Despite Musk’s assurances, the seven major banks involved in the loan for X buyout – Morgan Stanley, Bank of America, Barclays, MUFG, BNP Paribas, Mizuho, and Société Générale – now face the looming prospect of substantial losses if they decide to sell the debt. The billionaire’s unpredictable actions, including attempts to back out of the acquisition deal in 2022 and recent disputes with advertisers, have complicated the banks’ efforts to offload the debt. This intricate situation underscores the challenges and uncertainties surrounding X’s financial landscape post-acquisition.

Last year, Several large hedge funds and credit investors on Wall Street offered to buy the senior-most portion of the debt at approximately 65 cents on the dollar late. However, recent interviews with these entities, as reported by the Financial Times, indicated a lack of enthusiasm for any offered price in acquiring the bonds and loans. This reluctance is driven by uncertainties related to X’s CEO, Linda Yaccarino, and her ability to turn the business around. A prominent multibillion-dollar firm specializing in distressed debt even went so far as to label X’s debt as “uninvestable.”

Musk’s Verbal Guarantees vs Financial Reality

If the $12.5 billion of bonds and loans were to be sold below 60 cents on the dollar, considered optimistic by many investors in the current market, it would result in losses. The potential losses, calculated by the Financial Times, do not even account for X’s interest payments, which amount to $4 billion or more. The debt structure includes $6.5 billion in term loans, $6 billion in senior and junior bonds, and a $500 million revolver. This situation poses a considerable financial challenge for the syndicate of lenders involved in X’s leveraged buyout.

Interestingly, instead of opting for a quick sale at a potential steep loss, the banks are holding onto the debt, banking on the possibility of improved performance for X following strategic cost-cutting measures. However, with no immediate plans to divest the debt and uncertainties looming over the platform’s future, the banks’ decision is not without its risks.

Elon Musk’s verbal assurances, delivered without a formal contract, add an intriguing layer to this financial saga, leaving observers to ponder whether the entrepreneur can live up to his lofty promises.
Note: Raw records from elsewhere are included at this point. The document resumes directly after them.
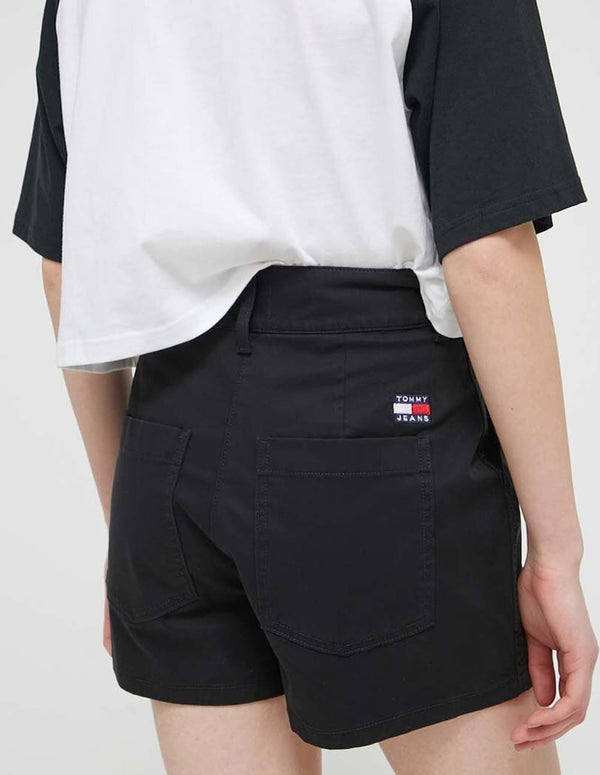 Pantalón Corto Tommy Jeans con Logo Negro Mujer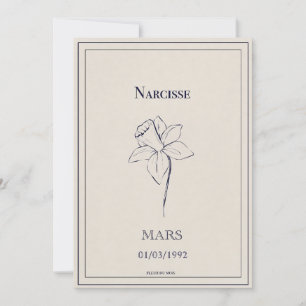 Carte fleur de naissance du mois de mars narcisse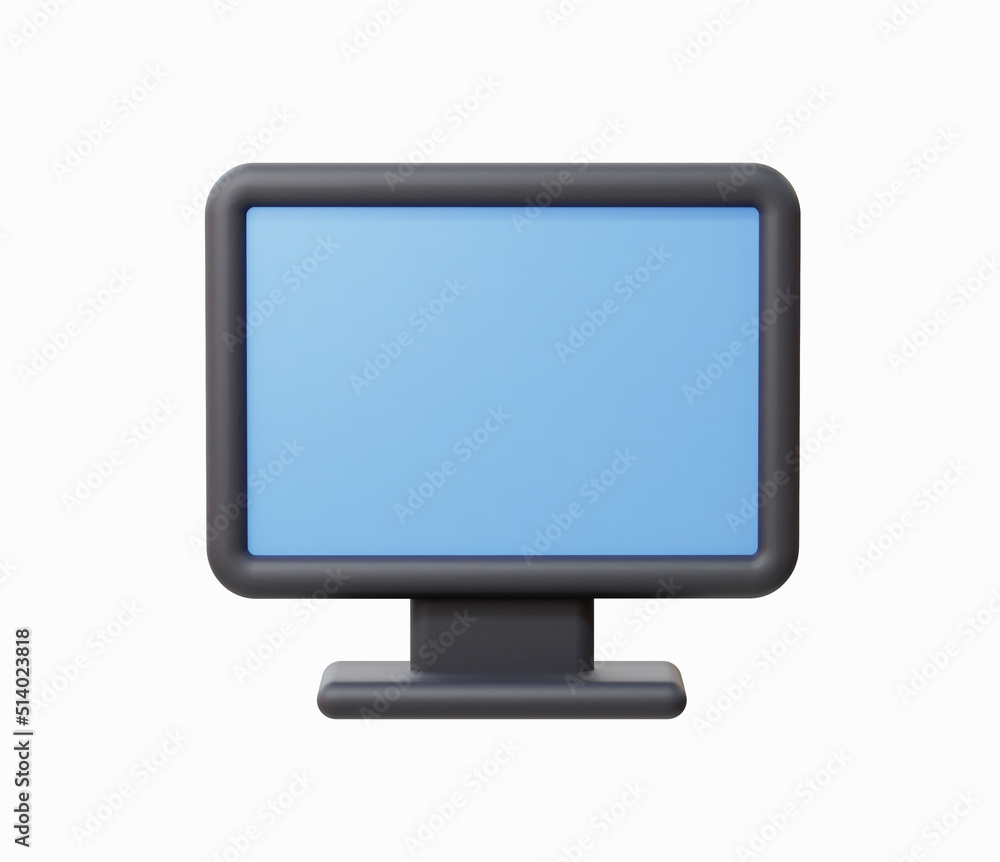 3d Realistic Computer monitor icon vector illustration. 3d Realistic Computer monitor icon vector illustration.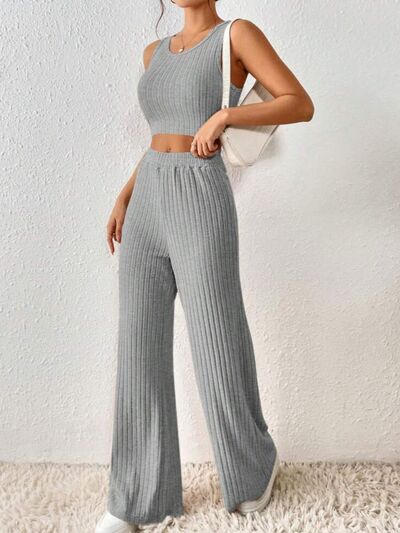 Light Gray Ribbed Round Neck Tank and Pants Sweater Set Sentient Beauty Fashions Apparel &amp; Accessories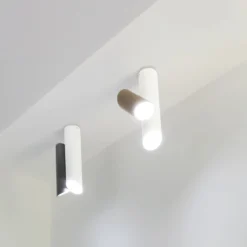 Nemo Tubes LED-Deckenleuchte zweiflammig weiß/grau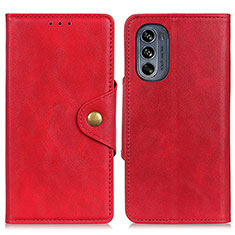 Funda de Cuero Cartera con Soporte Carcasa N03P para Motorola Moto G62 5G Rojo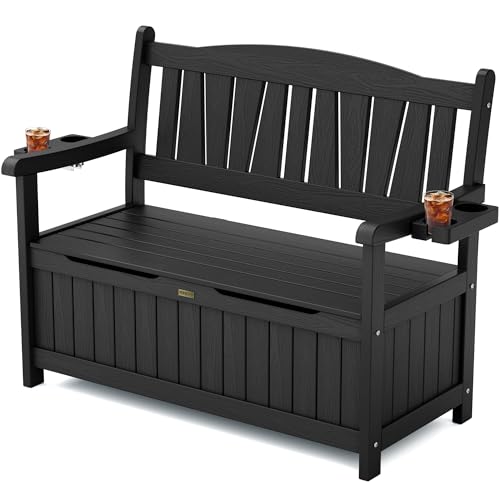 YEFU Outdoor Storage Bench for Patio: Heavy Duty Garden Bench with 96° High Backrest & Oversized Seating - HIPS Weatherproof Patio Bench with Storage for Porch Park Backyard, Black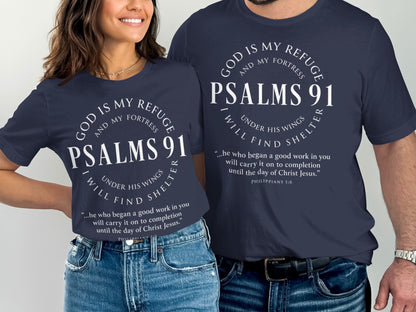 Navy t-shirts featuring "Psalms 91" and Philippians 1:6 scripture.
I have never lost money for those who invest in me, and I am not starting now,” Elon Musk asserted when questioned about a separate fundraising initiative by his company, X.ai Corp.

The ongoing debate about how the debt reflects on bank balance sheets has become a hot topic among traders and investors on Wall Street. This discussion gains significance against the backdrop of X’s business taking a nosedive since Elon Musk’s acquisition.

Musk, who has already fallen out of favour with marketers/advertisers due to relaxed content moderation, is now grappling with an even bigger challenge. The X platform lost some of its major advertisers following Musk’s endorsement of an antisemitic post in November. Adding fuel to the fire, Musk didn’t mince words, bluntly telling brands that had temporarily halted ads on the X platform over his controversial comments to “go fuck yourself,” specifically targeting Disney’s CEO Bob Iger.

According to Sensor Tower, 50 of the top 100 US advertisers stopped ad spending on the X platform between October 222 and 2023. Consequently, advertising revenue on X is anticipated to decline 40% YoY in 2023.

In response, X is strategically shifting its advertising focus towards small and mid-sized businesses, moving away from a reliance on major advertisers like Disney. Simultaneously, the platform is intensifying efforts to boost revenue through its subscription business, enticing verified users with exclusive benefits. This multifaceted approach aims to position X as a compelling and unique option in the competitive landscape of social media platforms.

Elon Musk’s assurances to lenders have temporarily quelled anxieties, but doubts remain about his ability to deliver on his promises.

As X navigates its uncertain financial path, one question remains: can Elon Musk’s bold vision and strategic manoeuvres steer the platform towards profitability, or will the debt saga leave a lasting stain on the legacy of his social media venture? Only time will tell if Musk’s assurances to lenders will hold water, and whether X can regain the trust of advertisers and its users.